For once, Donald Trump praised his own diplomatic action in his most recent State of the Union address, highlighting his role in helping resolve several conflicts around the world since his return to the White House in January 2025. The recent diplomatic sequence between Kinshasa and Kigali, among other partially resolved crises, may have created the illusion of appeasement. Under Donald Trump’s impetus, and thanks to active mediation by Qatar, an agreement was presented in December 2025 as a step toward de-escalation between the Democratic Republic of the Congo and Rwanda. Yet behind the display of political resolution, resentment remains deep, fault lines persist, and violations of the commitments undertaken continue to fuel profound bitterness in Kinshasa. The proclaimed peace has not erased the reality on the ground, nor the unresolved responsibilities.

It is against this backdrop of unfinished normalization that the DRC spoke out in Geneva, before the United Nations Human Rights Council. In doing so, it crossed a political threshold. For the first time in a long while, Kinshasa did not come to seek abstract compassion or pile up humanitarian appeals. It came to accuse, backed by figures, and to assume a discourse of accountability. The statement delivered by the Congolese Minister of Human Rights, Samuel Mbemba Kabuya, breaks with a long tradition of cautious language and discreet denunciations. What is at stake is no longer an unfortunate crisis, but a structured system of violence, looting and command.

The report presented covers a single year. Twelve months of Rwandan occupation of Goma, Bukavu and their surrounding areas. The figures are unequivocal: more than 17,000 violations of the right to life and physical integrity, one woman raped every four minutes, nearly seven million forcibly displaced people. These data, drawn from consolidated UN and NGO reports, are neither emotional nor exaggerated. They reflect a documented and well-known reality, long neutralized by diplomatic caution.

By laying out these figures in Geneva, the DRC stopped asking the world to understand its suffering and instead demanded recognition of a political reality. The conflict in the eastern part of the country is neither a mere by-product of regional instability nor an African fatality. It is rooted in a long-standing logic that extends far beyond Congolese territory.

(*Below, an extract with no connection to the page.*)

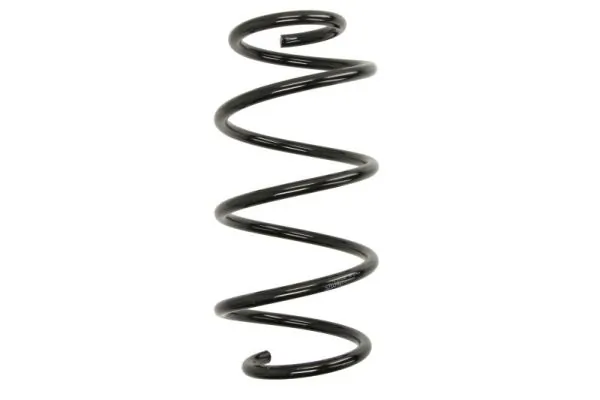 Arc spiral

Minerals, Violence and Responsibility: The Time for Sanctions

At the heart of the Congolese accusation lies a clear message. The mass violence committed in eastern DRC is not collateral damage; it is the very engine of the conflict. For years, the exploitation of strategic minerals in North Kivu and South Kivu has structured the war, financed armed groups and fueled considerable economic interests. The example of the Rubaya mines, cited in Geneva, illustrates this mechanism: forced labor, daily production under armed coercion, and massive rents feeding an economy of predation.

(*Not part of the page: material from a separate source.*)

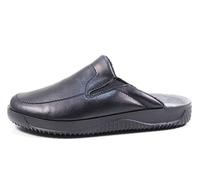 Soltau-H - Farbe - SCHWARZ - Größe - 45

This is no secret. These minerals do not vanish into obscure circuits without outlets; they clearly supply global value chains, strategic industries and markets on which major powers nonetheless claim to impose ethical standards. By drawing this link so directly, Kinshasa has confronted the international community with its own contradictions.

The designation of political responsibility is, of course, the most sensitive point. By asserting that the Rwandan president is the hierarchical superior of the forces involved in the conflict, including their auxiliaries, the DRC has shifted the debate from the humanitarian sphere to that of state responsibility. This shift explains the discomfort of certain diplomatic capitals, long accustomed to invoking regional complexity in order to avoid any binding decisions against one side or the other.

International silence has been explicitly denounced by the Congolese authorities. Not as a lack of words, but as a strategic posture. The Congolese demand now appears explicit: targeted political and economic sanctions against those responsible in Rwanda. In Geneva, the message was clear. The time for observations is over. The international community now faces a political choice that must be made swiftly if the peace agreement is to last and a return to armed conflict is to be avoided.